The Kaufmans' decision to sail around the world with two young children drew accusations of recklessness from some observers and praise from others for their courageous spirit. Critics also urged the government to bill the family for the rescue expenses.

The Kaufmans first want to tend to Lyra and get some rest before talking publicly, Charlotte Kaufman's sister, Sariah English, said.

The couple sent a statement from the ship on Sunday defending their actions, saying "when we departed on this journey more than a year ago, we were then and remain today confident that we prepared as well as any sailing crew could."

Eric Kaufman is a Coast Guard-licensed captain.

When they first set off from San Diego on their cruise, Charlotte Kaufman was pregnant with Lyra. They stopped in Mexico for the birth. The baby had salmonella in Mexico but her pediatrician had assured them she was over it and safe to travel when they set off again on their voyage last month, English said.

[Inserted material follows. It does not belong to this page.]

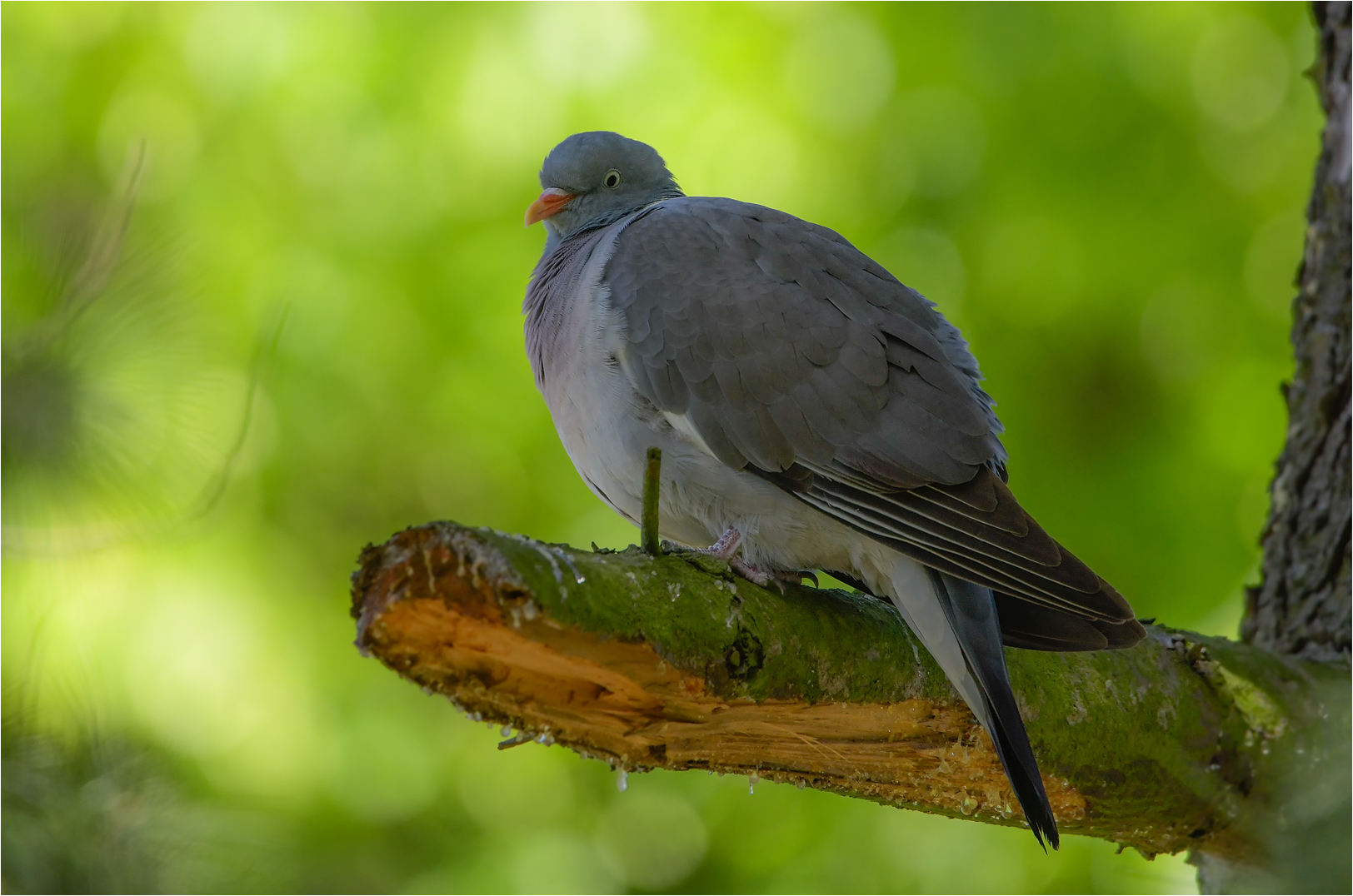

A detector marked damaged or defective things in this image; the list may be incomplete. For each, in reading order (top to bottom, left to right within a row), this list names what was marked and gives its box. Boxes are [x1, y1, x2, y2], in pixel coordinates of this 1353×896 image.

But shortly into the trip, she started showing symptoms and did not respond to antibiotics. Then the Rebel Heart lost its steering and communication abilities. The Kaufmans used a satellite phone to call the Coast Guard for help last Thursday.

"She wasn't quite on death's door yet, but a couple more days she would've been," Master Sgt. Klay Bendle, one of the pararescuemen, said after returning to base at Moffett Airfield in Northern California.

"They were really appreciative. They were actually surprised that America would spend the effort and the time and dollars and possible lives to go and help them out," Bendle said.